> _Exercise goal_:
Report back every line in the data that includes the string "great".

> _Information provided_:

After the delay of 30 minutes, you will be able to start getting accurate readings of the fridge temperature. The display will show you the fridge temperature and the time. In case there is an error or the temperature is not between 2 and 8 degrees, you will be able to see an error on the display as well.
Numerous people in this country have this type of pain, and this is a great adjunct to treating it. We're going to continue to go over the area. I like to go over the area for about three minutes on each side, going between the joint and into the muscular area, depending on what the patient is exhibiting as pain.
---
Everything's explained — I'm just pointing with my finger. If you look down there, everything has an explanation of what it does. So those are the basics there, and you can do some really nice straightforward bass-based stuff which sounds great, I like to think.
---
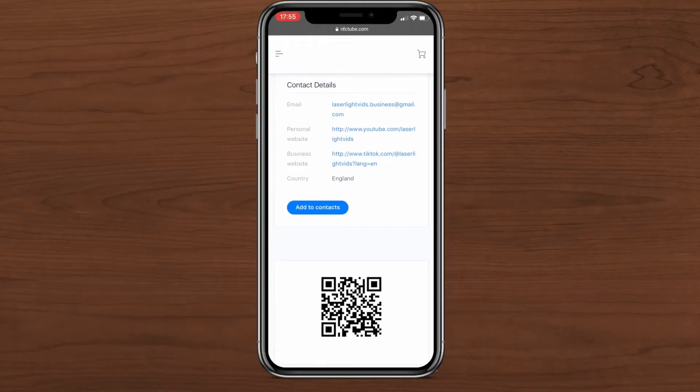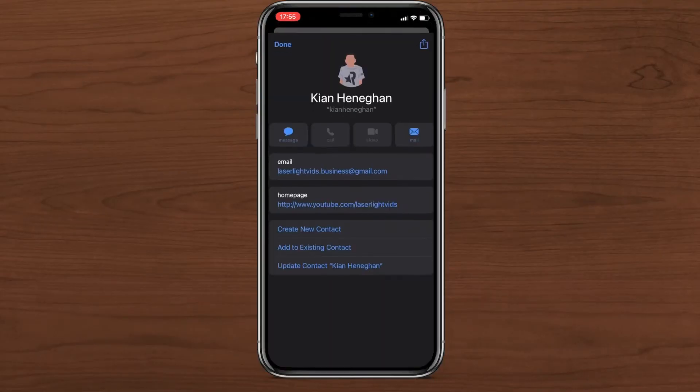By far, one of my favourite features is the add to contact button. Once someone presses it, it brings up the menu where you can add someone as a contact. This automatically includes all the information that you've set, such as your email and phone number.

> _Completed task_:
Numerous people in this country have this type of pain, and this is a great adjunct to treating it. We're going to continue to go over the area. I like to go over the area for about three minutes on each side, going between the joint and into the muscular area, depending on what the patient is exhibiting as pain.
Everything's explained — I'm just pointing with my finger. If you look down there, everything has an explanation of what it does. So those are the basics there, and you can do some really nice straightforward bass-based stuff which sounds great, I like to think.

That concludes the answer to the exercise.